> **Records supplied**

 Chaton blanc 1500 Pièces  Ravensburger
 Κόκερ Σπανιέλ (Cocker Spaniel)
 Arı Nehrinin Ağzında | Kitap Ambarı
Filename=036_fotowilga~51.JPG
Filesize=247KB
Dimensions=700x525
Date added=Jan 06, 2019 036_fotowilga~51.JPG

--

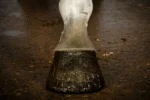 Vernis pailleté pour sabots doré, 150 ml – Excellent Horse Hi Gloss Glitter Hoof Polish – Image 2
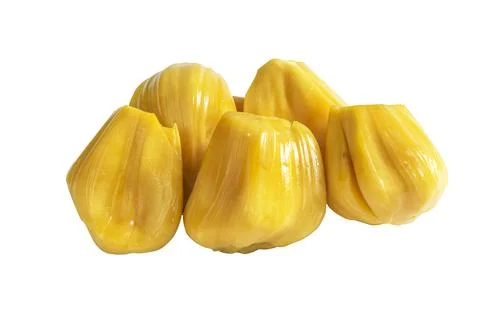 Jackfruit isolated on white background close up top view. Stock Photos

> **The task**
An exact transcription is needed of the lines from the one with "Vernis pailleté pour" to the one with "Jackfruit isolated on" above, both ends included, with pictures left out.

> **Result**
 Vernis pailleté pour sabots doré, 150 ml – Excellent Horse Hi Gloss Glitter Hoof Polish – Image 2
 Jackfruit isolated on white background close up top view. Stock Photos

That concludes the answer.